Updated: Jan 4, 2023

There are so many different things that we need to think about when getting prepared for emergencies or in most cases, just everyday life. One of the things that we need to seriously consider is preparing our children – not just for emergencies, but for everyday life. My philosophy on motherhood is to become obsolete – not as a loving, caring mother, but as a caretaker. After all, if I am going to have my kids take care of me when I get old, then I need to teach them how.

I know that there are a lot of good parents out there that teach their children the skills of life like working hard, cooking, taking care of their possessions and such, but there are also a lot of parents who do everything for their kids. If you are doing everything for your kids, you are just teaching them that they need to be taken care of and when they reach adulthood, they won’t have the everyday skills that they need to live successfully. They will still want to be taken care of. Employers hate that. Spouses hate that. They will blame you.


Teach your children how to read a recipe and how to measure food products accurately. Get them involved with fixing the family meals, not just portions of it – let them cook the whole thing, including dessert! I know, you will need to build them up with the necessary skills little by little, but isn’t that how we learn things, little by little? Line upon line, precept upon precept?


When my daughter was twelve years old, I came home late exhausted from cleaning somebody else’s house. I was so tired that boxed macaroni and cheese actually sounded good. Even eating the cardboard box it came in sounded good. When I walked through the door of my house I was overwhelmed with the most incredible smells. My daughter, knowing that I would be tired when I came home, roasted an Italian style chicken smothered with a homemade tomato based sauce and she made focaccia bread from scratch – yeast and all! I had never made focaccia bread before. It was a delicious feast – not just because I was tired and eating cardboard sounded good, but because it was honest-to-goodness delicious. In fact, it was so good that our family had her make the same meal several more times. What was really great was that we didn’t have all of the ingredients for the focaccia bread and so she substituted other items - and it tasted wonderful. She was twelve. She had been practicing cooking and following recipes since she was eight years old; boy did that practicing pay off – for me! Teach your kids to cook.


Teach your kids to learn to love work. They will resist. I know it is hard to believe that our blessed, sweet, shiny-faced children would balk at working up a little sweat, but they do. Work is a wonderful gift from God, and it is important that we allow them to “practice” working at work – until they learn to love it. The only rule that I ask you to follow is that when working, your children are not allowed to complain – that just takes all of the fun out of doing a good job. Show them that working up a sweat is not lethal.


This year my husband just wasn’t up to planting or taking care of the garden. My son, without being asked, went out and planted a garden of his own – he was 17. We enjoyed eating chard, radishes, corn, and tomatoes. To him it is no longer a chore, but a labor of love.

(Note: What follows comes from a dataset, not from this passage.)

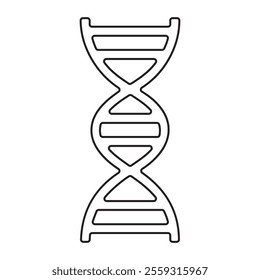 DNA Strand Outline Vector Icon.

Have them do repetitive jobs. Have them keep their rooms clean (don’t roll your eyes at this), have them help keep the house clean, maintain and keep their possessions clean and straight. Have them wash the laundry, then fold the laundry and finally, PUT THE LAUNDRY AWAY – all on the same day. Teach them to mow lawns, weed flowerbeds and all of the other stuff that needs to be done on a daily, weekly, or monthly basis.


Don’t let your kids go out into the cold cruel world thinking that things magically get clean, get picked up, or are self-maintaining – it just isn’t fair to them. Get them busy. If your kids aren’t mad at you for a while, then you aren’t doing it right.


Teach your sons and your daughters to maintain their tricycles, then their bikes, and finally their cars. Teach them to mend their clothes and to sew on their own buttons. Teach them to wash and iron their clothes. Teach them that their bedroom floors are not the biggest shelf in the house - AND DON’T GIVE UP! We are shortchanging our children by not helping them to stretch and grow. The momma bear only feeds her young when they are very small and then little by little, she teaches her cubs what they need to know to make it on their own. Then she lets them go (or pushes them out – whichever). Sure, they do it on a lot faster time scale, but we have more to teach our kids.


How to text really, really fast on their cell phone, or get to level gazillion on some computer game, just won’t help them when they go out on their own, unless they are texting you to ask you how to run the washer and dryer at their apartment. If you love ‘em, let ‘em learn – and then they can take care of themselves and you can enjoy them as they should be enjoyed, as responsible adults.